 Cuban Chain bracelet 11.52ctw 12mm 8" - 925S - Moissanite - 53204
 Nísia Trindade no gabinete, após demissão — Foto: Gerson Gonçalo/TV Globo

---

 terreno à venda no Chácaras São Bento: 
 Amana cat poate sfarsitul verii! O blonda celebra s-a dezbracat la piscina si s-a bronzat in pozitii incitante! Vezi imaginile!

* * *

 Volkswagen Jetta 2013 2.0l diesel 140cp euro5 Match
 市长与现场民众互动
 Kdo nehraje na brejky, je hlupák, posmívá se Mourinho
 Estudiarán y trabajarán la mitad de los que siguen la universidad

* [TASK ITEM]: In the entries above, the lines from the one bearing "Volkswagen Jetta 2013" up to and including the one bearing "Estudiarán y trabajarán" should be transcribed exactly; no other line is wanted.

* [ANSWER FOR THIS EXERCISE]:
 Volkswagen Jetta 2013 2.0l diesel 140cp euro5 Match
 市长与现场民众互动
 Kdo nehraje na brejky, je hlupák, posmívá se Mourinho
 Estudiarán y trabajarán la mitad de los que siguen la universidad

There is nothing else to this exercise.